* [Your instructions] Return every entry exactly as written, with the pictures removed.
Information given START
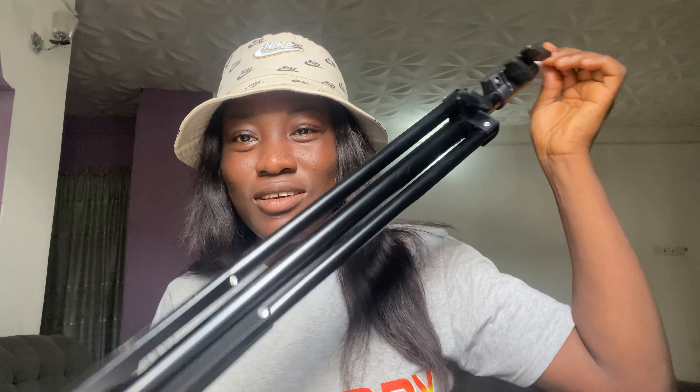Let's unbox the tripod stand — or tripod stand, please correct me, I'm not sure of the name. You guys, you can't seal this thing properly — it's so hard to take off.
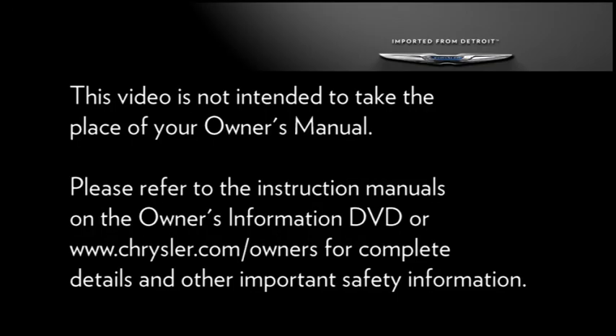Please refer to the instruction manuals on the Owner's Information DVD or Chrysler.com/owners for complete details and other important safety information.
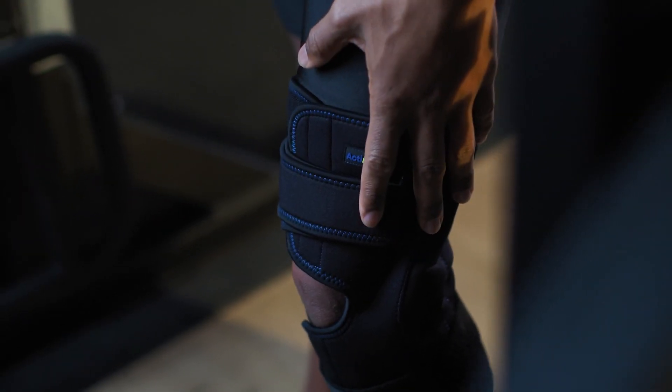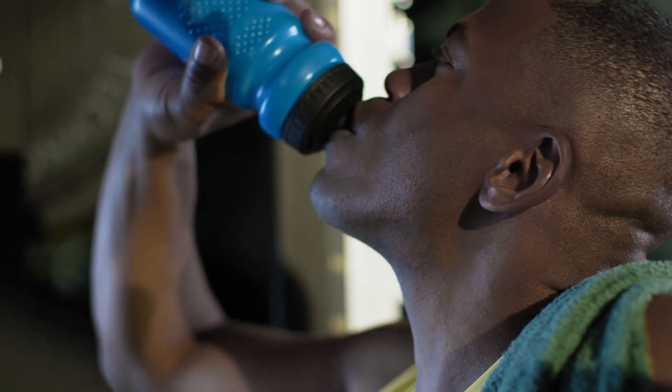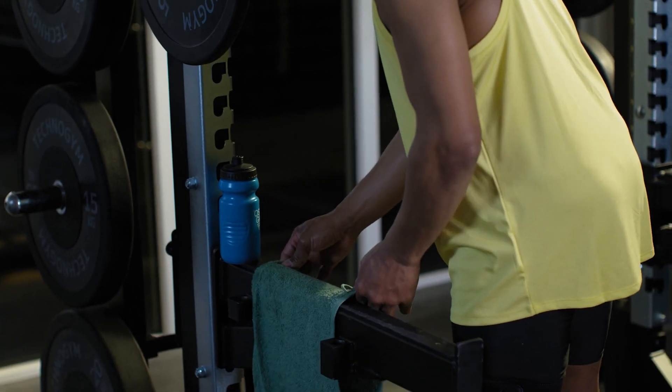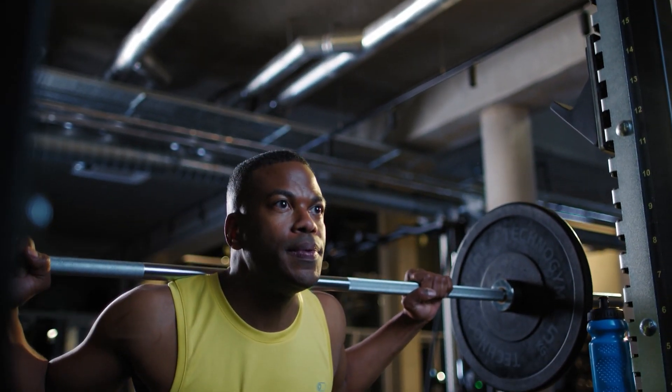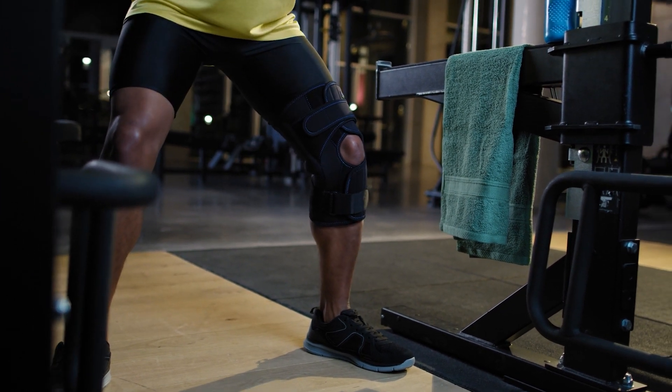Actimove knee brace wraparound with polycentric hinges is specially engineered to help pain relief. Medical compression and balanced therapeutic warmth comforts the knee with a fully adjustable front wrap closure system specially constructed with Coolmax air technology for breathable comfort and cool dry sports.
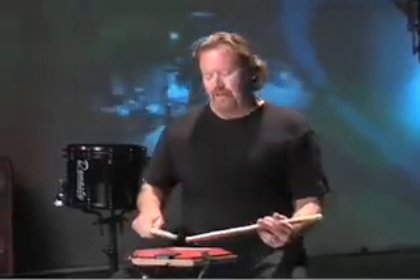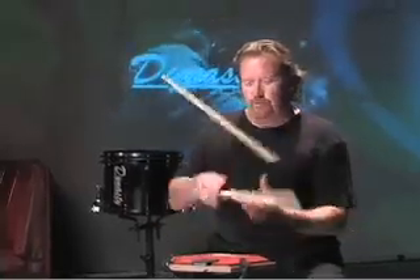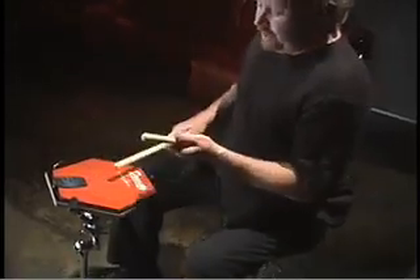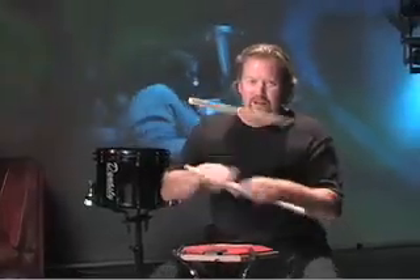There are many different variations of the stick toss, and we're going to talk about a couple of them. The key is that while that right stick is in the air, that left stick gets passed to the right hand. That eighth note that I'm singing — that's the catch. Don't catch-hit. You've got to have that time, while that stick is in the air, to pass that stick underneath.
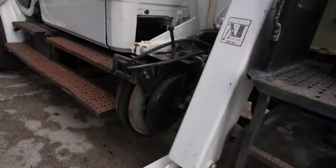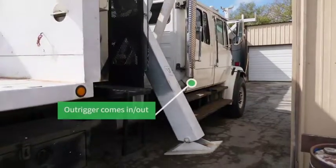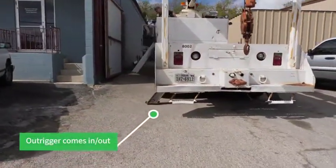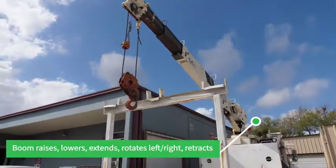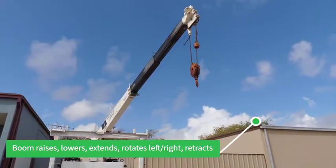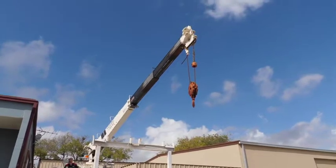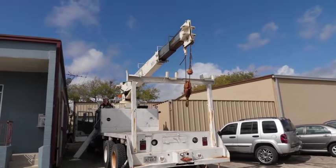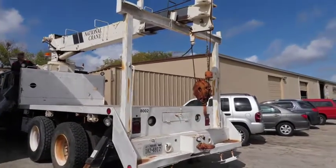This is a driver's side outrigger. Boom up, left, right, boom in. All hydraulics appear to be working well.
Information given END
* [Result for this task]
Let's unbox the tripod stand — or tripod stand, please correct me, I'm not sure of the name. You guys, you can't seal this thing properly — it's so hard to take off.
Please refer to the instruction manuals on the Owner's Information DVD or Chrysler.com/owners for complete details and other important safety information.
Actimove knee brace wraparound with polycentric hinges is specially engineered to help pain relief. Medical compression and balanced therapeutic warmth comforts the knee with a fully adjustable front wrap closure system specially constructed with Coolmax air technology for breathable comfort and cool dry sports.
There are many different variations of the stick toss, and we're going to talk about a couple of them. The key is that while that right stick is in the air, that left stick gets passed to the right hand. That eighth note that I'm singing — that's the catch. Don't catch-hit. You've got to have that time, while that stick is in the air, to pass that stick underneath.
This is a driver's side outrigger. Boom up, left, right, boom in. All hydraulics appear to be working well.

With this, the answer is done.